▸ **Task prompt**:
Range to output from the entries below: the line containing "My Dad is Rad" through the line containing "Triple White Pearl Floating Necklace". Set it down exactly, ends included, nothing else.
(Supplied data)
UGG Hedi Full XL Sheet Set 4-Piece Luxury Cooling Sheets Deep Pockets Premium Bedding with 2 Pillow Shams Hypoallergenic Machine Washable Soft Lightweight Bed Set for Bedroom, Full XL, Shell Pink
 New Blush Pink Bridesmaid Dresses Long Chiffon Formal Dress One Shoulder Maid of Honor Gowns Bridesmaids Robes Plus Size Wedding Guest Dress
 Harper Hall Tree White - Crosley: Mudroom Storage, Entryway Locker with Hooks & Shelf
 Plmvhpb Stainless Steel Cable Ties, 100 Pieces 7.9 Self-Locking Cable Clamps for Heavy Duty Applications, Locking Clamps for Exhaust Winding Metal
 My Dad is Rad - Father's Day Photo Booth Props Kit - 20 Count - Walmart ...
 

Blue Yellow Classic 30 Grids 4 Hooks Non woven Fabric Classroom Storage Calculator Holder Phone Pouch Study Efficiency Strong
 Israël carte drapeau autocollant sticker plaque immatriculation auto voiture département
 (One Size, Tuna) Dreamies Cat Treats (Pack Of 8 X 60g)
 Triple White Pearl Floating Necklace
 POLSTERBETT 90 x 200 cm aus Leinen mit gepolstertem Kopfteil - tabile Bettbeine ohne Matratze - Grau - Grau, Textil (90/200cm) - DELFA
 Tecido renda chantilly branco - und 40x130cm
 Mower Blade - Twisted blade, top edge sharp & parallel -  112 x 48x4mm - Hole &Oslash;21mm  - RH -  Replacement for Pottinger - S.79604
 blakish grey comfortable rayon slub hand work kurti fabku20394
(End Supplied data)
▸ **Solution to this task**:
 My Dad is Rad - Father's Day Photo Booth Props Kit - 20 Count - Walmart ...
 

Blue Yellow Classic 30 Grids 4 Hooks Non woven Fabric Classroom Storage Calculator Holder Phone Pouch Study Efficiency Strong
 Israël carte drapeau autocollant sticker plaque immatriculation auto voiture département
 (One Size, Tuna) Dreamies Cat Treats (Pack Of 8 X 60g)
 Triple White Pearl Floating Necklace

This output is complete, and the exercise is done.